Юренас молниеносно повернулся к нему. Улыбающаяся маска спала. На посеревшем лице возникло жалобное выражение. Несколько мгновений он тускло глядел на Мартинаса, потом рассмеялся и сказал металлическим голосом, приканчивая взбунтовавшегося в душе искреннего, благородного, но слабого человека:
— Что же, уважаемый, прошу покорно — посоветуемся. — Сквозь щелки приятно улыбающейся маски взглянули жесткие, пронизывающие, насквозь глаза.
— В прошлом году у нас под кукурузой было полторы сотни гектаров. Половину пришлось летом потравить и перепахать, другая половина дала кое-какой урожай, но зеленой массы на силос мы получили неполную четверть того, что было намечено по плану. Думали: докупим коров, вырастим побольше свиней — колхозные дела поднимутся как на дрожжах. Провалились… Носясь с кукурузой, обидели другие культуры. Опять убытки. А Вардянис засеял тридцать гектаров и пользы имел больше, чем мы с полутора сотен. Надо сообразоваться с возможностями, товарищ секретарь. А возможности у нас ограниченные. Мало рабочих рук, удобрений. Главное — удобрений, а прежде всего — навоза. Вы же знаете, что стручковые, скажем, оставляют в почве азот, после них, не удобряя, можно сеять кое-какие зерновые. А кукуруза высасывает из земли всю кровь.

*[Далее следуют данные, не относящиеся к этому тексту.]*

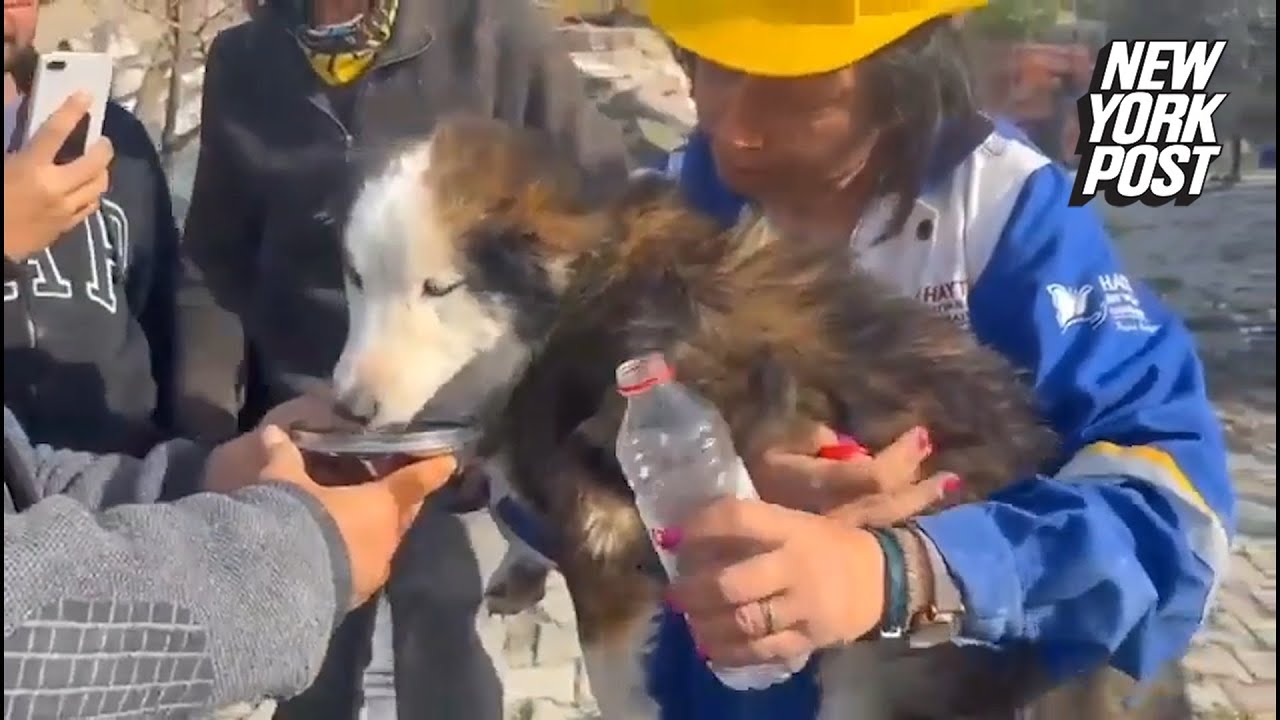 Dog miraculously found alive in rubble 22 days after Turkey earthquake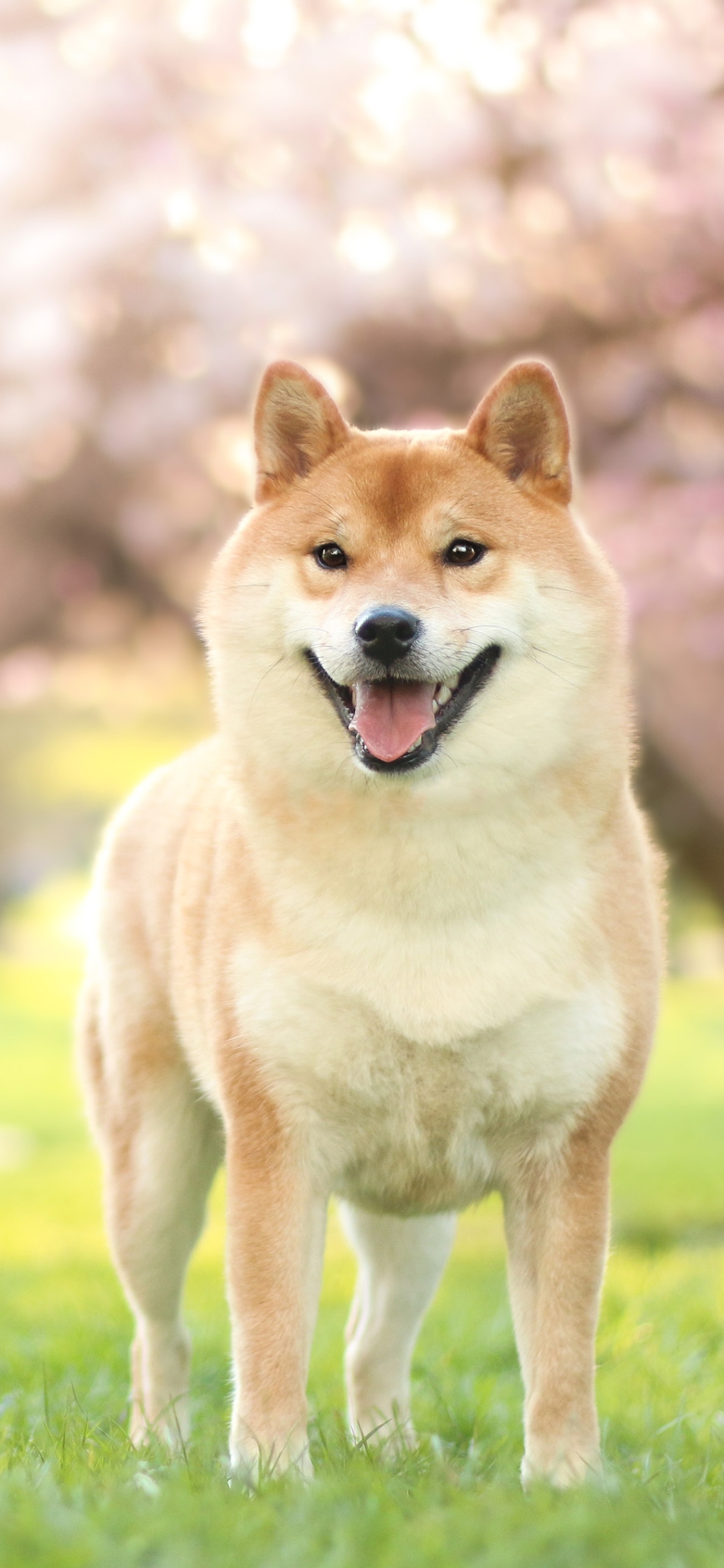 Handy-Wallpaper Tiere, Hunde, Hund, Shiba Inu kostenlos herunterladen.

— Кукуруза — кровопийца… — Юренас нехорошо рассмеялся. — Не узнаю тебя, Мартинас Вилимас. Делаешь роскошные успехи! Посеешь меньше — пожнешь больше. Любопытная математика. Очень удобная для хозяйственных руководителей типа «перестраховщик». — Юренас нагнулся и стал ковырять пальцем носок сапога, будто это было сейчас важнее всего. — А ты не думаешь, уважаемый, что Вардянис м о г засеять не тридцать, а шестьдесят гектаров и получить в два раза больше силоса, чем получил? Не пришла тебе случайно в голову такая элементарная мысль?
Мартинас хотел было покорно согласиться, но сидевший в нем подстрекатель раздраженно отрезал:
— Не знаю, Вардянису виднее, что можно, чего нельзя в его хозяйстве. Может быть, с шестидесяти гектаров он бы и получил больше — трудно это судить, не попробовав, — но с двухсот, которые вы на него тогда наложили, вышел бы пшик, да и только.
Юренас, занявшись своим сапогом, минуту помолчал.
— Весьма не новые мысли, уважаемый, — наконец донесся из-под стола преувеличенно равнодушный голос. — И насчет кукурузы и вообще… Заячья смелость. Партия, вся страна идут к коммунизму штурмом, на всех фронтах, а мы сидим на двух гектарах и думаем, что изобрели что-то новое. А на деле ничего нового тут нет. Обыкновенная трусость, рецидив крестьянского консерватизма, попытка сковать созидательные силы. Тридцать гектаров… Почему именно тридцать? Потому что нужно меньше усилий, риска. Настоящий коммунист пошел бы не по этому пути, Мартинас Вилимас. Настоящий коммунист бы сказал: есть план, и, что бы там ни было, я отдам свои силы выполнению этого плана. Все силы, запомни, уважаемый, а не столько, сколько мне заблагорассудится. Возможности… Ясное дело, надо сообразоваться с возможностями. И мы сообразовываемся. Увы, кое-кому кажется, что производственные планы распределяют слепые люди.